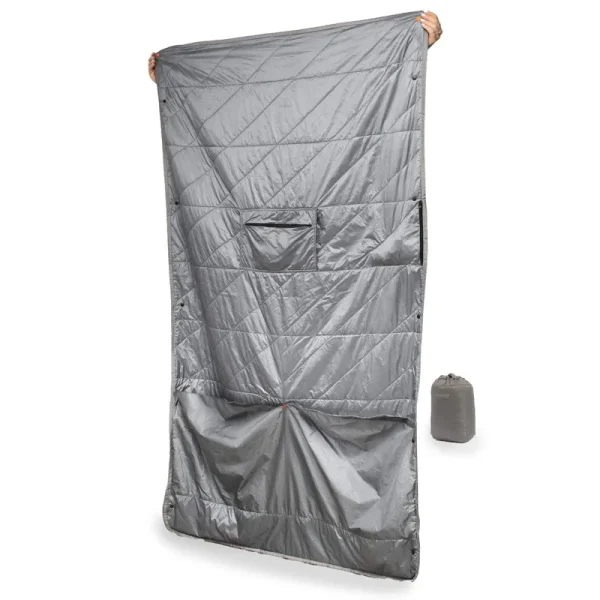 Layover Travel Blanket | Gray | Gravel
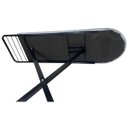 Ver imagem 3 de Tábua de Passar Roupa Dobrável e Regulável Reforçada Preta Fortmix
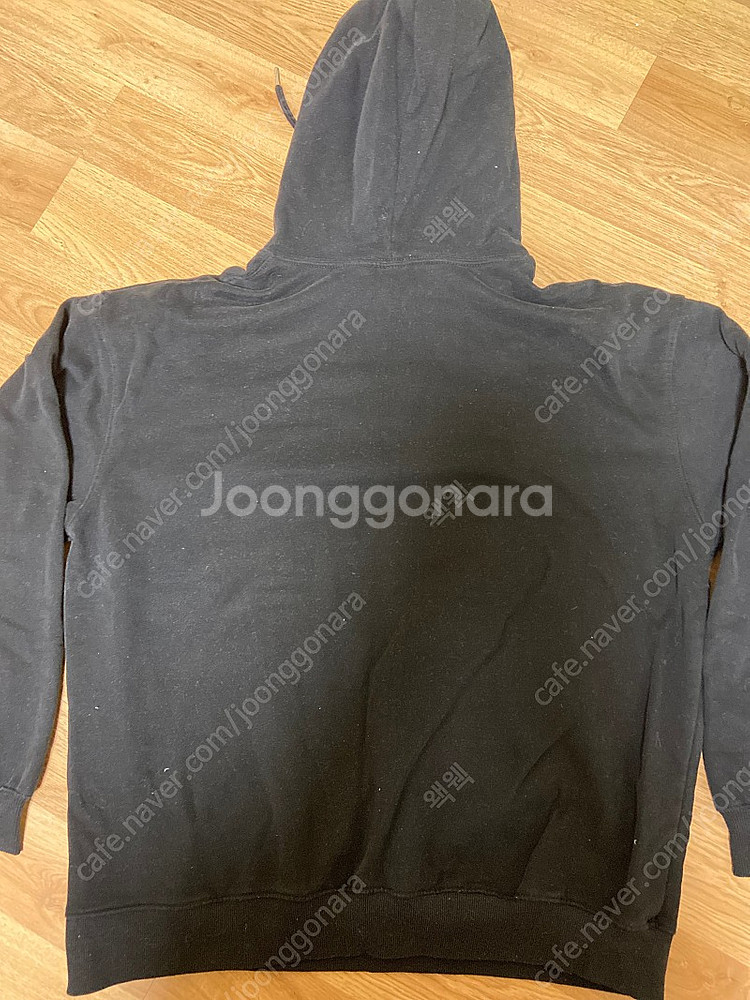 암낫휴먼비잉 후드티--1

The task.
Set down exactly, line for line, the data from the line that contains "Ver imagem 3" through its last line, keeping pictures out.

Task response.
 Ver imagem 3 de Tábua de Passar Roupa Dobrável e Regulável Reforçada Preta Fortmix
 암낫휴먼비잉 후드티--1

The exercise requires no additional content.